Problem requirements → All of the lines below should be output exactly as shown.

Dataset →

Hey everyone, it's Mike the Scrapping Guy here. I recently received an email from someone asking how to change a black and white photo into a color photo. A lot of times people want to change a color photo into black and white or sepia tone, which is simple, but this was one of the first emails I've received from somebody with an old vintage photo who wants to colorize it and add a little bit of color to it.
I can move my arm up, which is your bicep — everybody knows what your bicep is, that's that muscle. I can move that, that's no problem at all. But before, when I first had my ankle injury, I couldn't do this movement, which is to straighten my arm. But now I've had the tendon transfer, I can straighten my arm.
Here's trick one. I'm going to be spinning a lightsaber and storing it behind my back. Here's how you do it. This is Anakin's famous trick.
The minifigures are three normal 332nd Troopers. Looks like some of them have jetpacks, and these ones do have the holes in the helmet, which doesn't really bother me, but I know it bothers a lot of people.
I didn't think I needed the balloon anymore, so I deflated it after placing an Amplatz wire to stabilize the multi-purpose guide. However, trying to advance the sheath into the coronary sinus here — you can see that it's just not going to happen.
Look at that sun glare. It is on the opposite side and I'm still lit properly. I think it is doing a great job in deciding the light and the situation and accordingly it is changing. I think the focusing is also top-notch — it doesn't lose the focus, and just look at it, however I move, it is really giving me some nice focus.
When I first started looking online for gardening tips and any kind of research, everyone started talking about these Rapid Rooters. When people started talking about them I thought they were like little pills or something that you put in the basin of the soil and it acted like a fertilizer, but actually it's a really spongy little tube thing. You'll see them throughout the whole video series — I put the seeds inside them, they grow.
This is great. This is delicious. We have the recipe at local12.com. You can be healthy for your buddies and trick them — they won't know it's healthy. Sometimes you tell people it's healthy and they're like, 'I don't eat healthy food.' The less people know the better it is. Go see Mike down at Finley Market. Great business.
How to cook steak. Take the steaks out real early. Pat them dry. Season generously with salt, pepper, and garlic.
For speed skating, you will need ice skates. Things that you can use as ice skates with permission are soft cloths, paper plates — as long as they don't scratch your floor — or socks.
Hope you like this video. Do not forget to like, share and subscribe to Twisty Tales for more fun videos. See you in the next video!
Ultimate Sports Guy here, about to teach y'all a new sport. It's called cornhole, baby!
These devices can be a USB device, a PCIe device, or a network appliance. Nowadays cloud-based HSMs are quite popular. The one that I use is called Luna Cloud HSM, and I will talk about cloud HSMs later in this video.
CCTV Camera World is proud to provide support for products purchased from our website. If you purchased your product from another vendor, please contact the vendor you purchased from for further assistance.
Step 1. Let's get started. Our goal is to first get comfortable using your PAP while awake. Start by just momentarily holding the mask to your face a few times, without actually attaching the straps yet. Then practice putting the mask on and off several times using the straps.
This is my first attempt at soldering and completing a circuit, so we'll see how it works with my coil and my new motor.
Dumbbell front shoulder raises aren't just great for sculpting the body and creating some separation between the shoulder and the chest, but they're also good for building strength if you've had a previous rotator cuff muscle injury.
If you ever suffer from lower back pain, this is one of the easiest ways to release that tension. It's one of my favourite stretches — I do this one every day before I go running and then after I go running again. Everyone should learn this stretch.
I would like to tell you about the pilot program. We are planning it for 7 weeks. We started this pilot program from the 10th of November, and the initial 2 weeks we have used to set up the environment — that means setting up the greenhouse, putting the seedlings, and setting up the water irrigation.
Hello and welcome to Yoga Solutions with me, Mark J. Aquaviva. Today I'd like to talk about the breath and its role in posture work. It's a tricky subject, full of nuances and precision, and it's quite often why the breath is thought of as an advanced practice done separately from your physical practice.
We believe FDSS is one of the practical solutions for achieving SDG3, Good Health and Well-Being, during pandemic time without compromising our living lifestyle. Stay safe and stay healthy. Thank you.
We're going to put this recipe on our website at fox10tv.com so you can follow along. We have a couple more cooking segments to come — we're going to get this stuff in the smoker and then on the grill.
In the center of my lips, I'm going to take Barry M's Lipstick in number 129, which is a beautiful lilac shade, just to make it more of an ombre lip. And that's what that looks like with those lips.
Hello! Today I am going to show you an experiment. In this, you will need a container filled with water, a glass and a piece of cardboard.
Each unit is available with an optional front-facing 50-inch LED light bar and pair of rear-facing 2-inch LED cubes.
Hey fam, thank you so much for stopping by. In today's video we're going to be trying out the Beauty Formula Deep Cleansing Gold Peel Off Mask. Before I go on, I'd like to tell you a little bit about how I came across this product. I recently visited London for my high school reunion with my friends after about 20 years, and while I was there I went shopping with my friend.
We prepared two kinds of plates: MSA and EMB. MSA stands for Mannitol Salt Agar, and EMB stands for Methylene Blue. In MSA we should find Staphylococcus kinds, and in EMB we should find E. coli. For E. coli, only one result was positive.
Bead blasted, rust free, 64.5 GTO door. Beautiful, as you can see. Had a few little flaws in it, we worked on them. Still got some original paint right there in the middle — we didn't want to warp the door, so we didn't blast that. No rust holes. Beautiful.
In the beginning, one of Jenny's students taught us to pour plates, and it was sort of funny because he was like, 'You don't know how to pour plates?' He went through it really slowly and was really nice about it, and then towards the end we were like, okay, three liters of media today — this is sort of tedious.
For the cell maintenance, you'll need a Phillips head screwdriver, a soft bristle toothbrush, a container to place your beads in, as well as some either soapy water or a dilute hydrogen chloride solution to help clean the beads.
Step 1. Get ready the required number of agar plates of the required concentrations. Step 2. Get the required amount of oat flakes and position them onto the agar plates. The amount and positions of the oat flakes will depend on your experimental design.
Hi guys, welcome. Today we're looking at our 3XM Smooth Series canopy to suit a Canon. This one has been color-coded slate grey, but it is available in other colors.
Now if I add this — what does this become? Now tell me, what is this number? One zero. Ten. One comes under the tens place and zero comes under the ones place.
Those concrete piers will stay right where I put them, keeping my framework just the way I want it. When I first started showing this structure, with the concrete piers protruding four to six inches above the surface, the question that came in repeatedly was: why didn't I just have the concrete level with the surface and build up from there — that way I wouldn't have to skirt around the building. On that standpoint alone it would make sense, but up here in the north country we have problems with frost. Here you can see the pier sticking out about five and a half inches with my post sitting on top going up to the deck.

Output of the task →
Hey everyone, it's Mike the Scrapping Guy here. I recently received an email from someone asking how to change a black and white photo into a color photo. A lot of times people want to change a color photo into black and white or sepia tone, which is simple, but this was one of the first emails I've received from somebody with an old vintage photo who wants to colorize it and add a little bit of color to it.
I can move my arm up, which is your bicep — everybody knows what your bicep is, that's that muscle. I can move that, that's no problem at all. But before, when I first had my ankle injury, I couldn't do this movement, which is to straighten my arm. But now I've had the tendon transfer, I can straighten my arm.
Here's trick one. I'm going to be spinning a lightsaber and storing it behind my back. Here's how you do it. This is Anakin's famous trick.
The minifigures are three normal 332nd Troopers. Looks like some of them have jetpacks, and these ones do have the holes in the helmet, which doesn't really bother me, but I know it bothers a lot of people.
I didn't think I needed the balloon anymore, so I deflated it after placing an Amplatz wire to stabilize the multi-purpose guide. However, trying to advance the sheath into the coronary sinus here — you can see that it's just not going to happen.
Look at that sun glare. It is on the opposite side and I'm still lit properly. I think it is doing a great job in deciding the light and the situation and accordingly it is changing. I think the focusing is also top-notch — it doesn't lose the focus, and just look at it, however I move, it is really giving me some nice focus.
When I first started looking online for gardening tips and any kind of research, everyone started talking about these Rapid Rooters. When people started talking about them I thought they were like little pills or something that you put in the basin of the soil and it acted like a fertilizer, but actually it's a really spongy little tube thing. You'll see them throughout the whole video series — I put the seeds inside them, they grow.
This is great. This is delicious. We have the recipe at local12.com. You can be healthy for your buddies and trick them — they won't know it's healthy. Sometimes you tell people it's healthy and they're like, 'I don't eat healthy food.' The less people know the better it is. Go see Mike down at Finley Market. Great business.
How to cook steak. Take the steaks out real early. Pat them dry. Season generously with salt, pepper, and garlic.
For speed skating, you will need ice skates. Things that you can use as ice skates with permission are soft cloths, paper plates — as long as they don't scratch your floor — or socks.
Hope you like this video. Do not forget to like, share and subscribe to Twisty Tales for more fun videos. See you in the next video!
Ultimate Sports Guy here, about to teach y'all a new sport. It's called cornhole, baby!
These devices can be a USB device, a PCIe device, or a network appliance. Nowadays cloud-based HSMs are quite popular. The one that I use is called Luna Cloud HSM, and I will talk about cloud HSMs later in this video.
CCTV Camera World is proud to provide support for products purchased from our website. If you purchased your product from another vendor, please contact the vendor you purchased from for further assistance.
Step 1. Let's get started. Our goal is to first get comfortable using your PAP while awake. Start by just momentarily holding the mask to your face a few times, without actually attaching the straps yet. Then practice putting the mask on and off several times using the straps.
This is my first attempt at soldering and completing a circuit, so we'll see how it works with my coil and my new motor.
Dumbbell front shoulder raises aren't just great for sculpting the body and creating some separation between the shoulder and the chest, but they're also good for building strength if you've had a previous rotator cuff muscle injury.
If you ever suffer from lower back pain, this is one of the easiest ways to release that tension. It's one of my favourite stretches — I do this one every day before I go running and then after I go running again. Everyone should learn this stretch.
I would like to tell you about the pilot program. We are planning it for 7 weeks. We started this pilot program from the 10th of November, and the initial 2 weeks we have used to set up the environment — that means setting up the greenhouse, putting the seedlings, and setting up the water irrigation.
Hello and welcome to Yoga Solutions with me, Mark J. Aquaviva. Today I'd like to talk about the breath and its role in posture work. It's a tricky subject, full of nuances and precision, and it's quite often why the breath is thought of as an advanced practice done separately from your physical practice.
We believe FDSS is one of the practical solutions for achieving SDG3, Good Health and Well-Being, during pandemic time without compromising our living lifestyle. Stay safe and stay healthy. Thank you.
We're going to put this recipe on our website at fox10tv.com so you can follow along. We have a couple more cooking segments to come — we're going to get this stuff in the smoker and then on the grill.
In the center of my lips, I'm going to take Barry M's Lipstick in number 129, which is a beautiful lilac shade, just to make it more of an ombre lip. And that's what that looks like with those lips.
Hello! Today I am going to show you an experiment. In this, you will need a container filled with water, a glass and a piece of cardboard.
Each unit is available with an optional front-facing 50-inch LED light bar and pair of rear-facing 2-inch LED cubes.
Hey fam, thank you so much for stopping by. In today's video we're going to be trying out the Beauty Formula Deep Cleansing Gold Peel Off Mask. Before I go on, I'd like to tell you a little bit about how I came across this product. I recently visited London for my high school reunion with my friends after about 20 years, and while I was there I went shopping with my friend.
We prepared two kinds of plates: MSA and EMB. MSA stands for Mannitol Salt Agar, and EMB stands for Methylene Blue. In MSA we should find Staphylococcus kinds, and in EMB we should find E. coli. For E. coli, only one result was positive.
Bead blasted, rust free, 64.5 GTO door. Beautiful, as you can see. Had a few little flaws in it, we worked on them. Still got some original paint right there in the middle — we didn't want to warp the door, so we didn't blast that. No rust holes. Beautiful.
In the beginning, one of Jenny's students taught us to pour plates, and it was sort of funny because he was like, 'You don't know how to pour plates?' He went through it really slowly and was really nice about it, and then towards the end we were like, okay, three liters of media today — this is sort of tedious.
For the cell maintenance, you'll need a Phillips head screwdriver, a soft bristle toothbrush, a container to place your beads in, as well as some either soapy water or a dilute hydrogen chloride solution to help clean the beads.
Step 1. Get ready the required number of agar plates of the required concentrations. Step 2. Get the required amount of oat flakes and position them onto the agar plates. The amount and positions of the oat flakes will depend on your experimental design.
Hi guys, welcome. Today we're looking at our 3XM Smooth Series canopy to suit a Canon. This one has been color-coded slate grey, but it is available in other colors.
Now if I add this — what does this become? Now tell me, what is this number? One zero. Ten. One comes under the tens place and zero comes under the ones place.
Those concrete piers will stay right where I put them, keeping my framework just the way I want it. When I first started showing this structure, with the concrete piers protruding four to six inches above the surface, the question that came in repeatedly was: why didn't I just have the concrete level with the surface and build up from there — that way I wouldn't have to skirt around the building. On that standpoint alone it would make sense, but up here in the north country we have problems with frost. Here you can see the pier sticking out about five and a half inches with my post sitting on top going up to the deck.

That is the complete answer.